YOUR GOAL =>
Each record needs to be transcribed exactly.

● ● ● ●

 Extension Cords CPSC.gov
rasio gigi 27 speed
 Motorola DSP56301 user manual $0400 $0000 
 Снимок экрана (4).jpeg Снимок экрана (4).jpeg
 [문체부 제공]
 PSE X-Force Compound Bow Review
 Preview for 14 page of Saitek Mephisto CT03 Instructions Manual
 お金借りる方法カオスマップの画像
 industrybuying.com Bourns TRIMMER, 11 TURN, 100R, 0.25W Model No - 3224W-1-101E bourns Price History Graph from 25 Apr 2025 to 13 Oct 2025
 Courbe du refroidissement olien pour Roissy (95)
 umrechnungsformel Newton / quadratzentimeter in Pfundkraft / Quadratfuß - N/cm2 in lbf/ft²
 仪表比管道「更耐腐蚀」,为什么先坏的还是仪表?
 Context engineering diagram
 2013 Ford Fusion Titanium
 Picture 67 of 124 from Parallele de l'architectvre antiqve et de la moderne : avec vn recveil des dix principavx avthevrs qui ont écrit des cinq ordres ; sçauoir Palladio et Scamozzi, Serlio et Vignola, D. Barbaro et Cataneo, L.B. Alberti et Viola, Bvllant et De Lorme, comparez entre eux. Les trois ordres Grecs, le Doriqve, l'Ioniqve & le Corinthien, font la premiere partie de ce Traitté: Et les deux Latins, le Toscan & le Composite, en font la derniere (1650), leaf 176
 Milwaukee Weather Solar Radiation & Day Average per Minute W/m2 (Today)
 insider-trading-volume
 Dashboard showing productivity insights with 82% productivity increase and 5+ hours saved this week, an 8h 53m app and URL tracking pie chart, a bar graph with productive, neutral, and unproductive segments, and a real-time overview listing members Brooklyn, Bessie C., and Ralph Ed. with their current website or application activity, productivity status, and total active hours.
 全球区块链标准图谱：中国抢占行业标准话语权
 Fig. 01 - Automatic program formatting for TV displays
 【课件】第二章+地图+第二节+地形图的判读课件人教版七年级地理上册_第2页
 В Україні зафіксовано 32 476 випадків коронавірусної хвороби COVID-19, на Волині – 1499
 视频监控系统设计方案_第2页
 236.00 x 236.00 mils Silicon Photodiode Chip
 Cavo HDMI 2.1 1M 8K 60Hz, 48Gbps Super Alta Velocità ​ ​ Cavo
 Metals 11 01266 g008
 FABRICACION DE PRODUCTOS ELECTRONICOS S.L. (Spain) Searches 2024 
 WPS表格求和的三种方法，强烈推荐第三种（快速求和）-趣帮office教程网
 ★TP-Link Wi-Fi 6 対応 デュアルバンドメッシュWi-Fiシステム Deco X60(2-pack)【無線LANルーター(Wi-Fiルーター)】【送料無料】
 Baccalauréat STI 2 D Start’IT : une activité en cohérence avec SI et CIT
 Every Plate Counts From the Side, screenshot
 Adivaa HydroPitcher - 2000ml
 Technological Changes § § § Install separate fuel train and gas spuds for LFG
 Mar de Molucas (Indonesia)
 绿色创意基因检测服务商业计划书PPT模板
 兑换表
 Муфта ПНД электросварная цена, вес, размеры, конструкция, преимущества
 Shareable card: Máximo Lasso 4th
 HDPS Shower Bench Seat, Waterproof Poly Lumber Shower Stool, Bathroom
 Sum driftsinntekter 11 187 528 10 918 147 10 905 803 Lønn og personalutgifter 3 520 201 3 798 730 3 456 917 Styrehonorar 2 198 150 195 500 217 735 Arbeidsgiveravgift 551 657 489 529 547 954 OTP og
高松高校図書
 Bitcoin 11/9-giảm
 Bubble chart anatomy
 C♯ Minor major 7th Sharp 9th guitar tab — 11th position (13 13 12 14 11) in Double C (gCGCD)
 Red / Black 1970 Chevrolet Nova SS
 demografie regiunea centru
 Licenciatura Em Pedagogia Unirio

● ● ● ●

RESPONSE AREA =>
 Extension Cords CPSC.gov
rasio gigi 27 speed
 Motorola DSP56301 user manual $0400 $0000 
 Снимок экрана (4).jpeg Снимок экрана (4).jpeg
 [문체부 제공]
 PSE X-Force Compound Bow Review
 Preview for 14 page of Saitek Mephisto CT03 Instructions Manual
 お金借りる方法カオスマップの画像
 industrybuying.com Bourns TRIMMER, 11 TURN, 100R, 0.25W Model No - 3224W-1-101E bourns Price History Graph from 25 Apr 2025 to 13 Oct 2025
 Courbe du refroidissement olien pour Roissy (95)
 umrechnungsformel Newton / quadratzentimeter in Pfundkraft / Quadratfuß - N/cm2 in lbf/ft²
 仪表比管道「更耐腐蚀」,为什么先坏的还是仪表?
 Context engineering diagram
 2013 Ford Fusion Titanium
 Picture 67 of 124 from Parallele de l'architectvre antiqve et de la moderne : avec vn recveil des dix principavx avthevrs qui ont écrit des cinq ordres ; sçauoir Palladio et Scamozzi, Serlio et Vignola, D. Barbaro et Cataneo, L.B. Alberti et Viola, Bvllant et De Lorme, comparez entre eux. Les trois ordres Grecs, le Doriqve, l'Ioniqve & le Corinthien, font la premiere partie de ce Traitté: Et les deux Latins, le Toscan & le Composite, en font la derniere (1650), leaf 176
 Milwaukee Weather Solar Radiation & Day Average per Minute W/m2 (Today)
 insider-trading-volume
 Dashboard showing productivity insights with 82% productivity increase and 5+ hours saved this week, an 8h 53m app and URL tracking pie chart, a bar graph with productive, neutral, and unproductive segments, and a real-time overview listing members Brooklyn, Bessie C., and Ralph Ed. with their current website or application activity, productivity status, and total active hours.
 全球区块链标准图谱：中国抢占行业标准话语权
 Fig. 01 - Automatic program formatting for TV displays
 【课件】第二章+地图+第二节+地形图的判读课件人教版七年级地理上册_第2页
 В Україні зафіксовано 32 476 випадків коронавірусної хвороби COVID-19, на Волині – 1499
 视频监控系统设计方案_第2页
 236.00 x 236.00 mils Silicon Photodiode Chip
 Cavo HDMI 2.1 1M 8K 60Hz, 48Gbps Super Alta Velocità ​ ​ Cavo
 Metals 11 01266 g008
 FABRICACION DE PRODUCTOS ELECTRONICOS S.L. (Spain) Searches 2024 
 WPS表格求和的三种方法，强烈推荐第三种（快速求和）-趣帮office教程网
 ★TP-Link Wi-Fi 6 対応 デュアルバンドメッシュWi-Fiシステム Deco X60(2-pack)【無線LANルーター(Wi-Fiルーター)】【送料無料】
 Baccalauréat STI 2 D Start’IT : une activité en cohérence avec SI et CIT
 Every Plate Counts From the Side, screenshot
 Adivaa HydroPitcher - 2000ml
 Technological Changes § § § Install separate fuel train and gas spuds for LFG
 Mar de Molucas (Indonesia)
 绿色创意基因检测服务商业计划书PPT模板
 兑换表
 Муфта ПНД электросварная цена, вес, размеры, конструкция, преимущества
 Shareable card: Máximo Lasso 4th
 HDPS Shower Bench Seat, Waterproof Poly Lumber Shower Stool, Bathroom
 Sum driftsinntekter 11 187 528 10 918 147 10 905 803 Lønn og personalutgifter 3 520 201 3 798 730 3 456 917 Styrehonorar 2 198 150 195 500 217 735 Arbeidsgiveravgift 551 657 489 529 547 954 OTP og
高松高校図書
 Bitcoin 11/9-giảm
 Bubble chart anatomy
 C♯ Minor major 7th Sharp 9th guitar tab — 11th position (13 13 12 14 11) in Double C (gCGCD)
 Red / Black 1970 Chevrolet Nova SS
 demografie regiunea centru
 Licenciatura Em Pedagogia Unirio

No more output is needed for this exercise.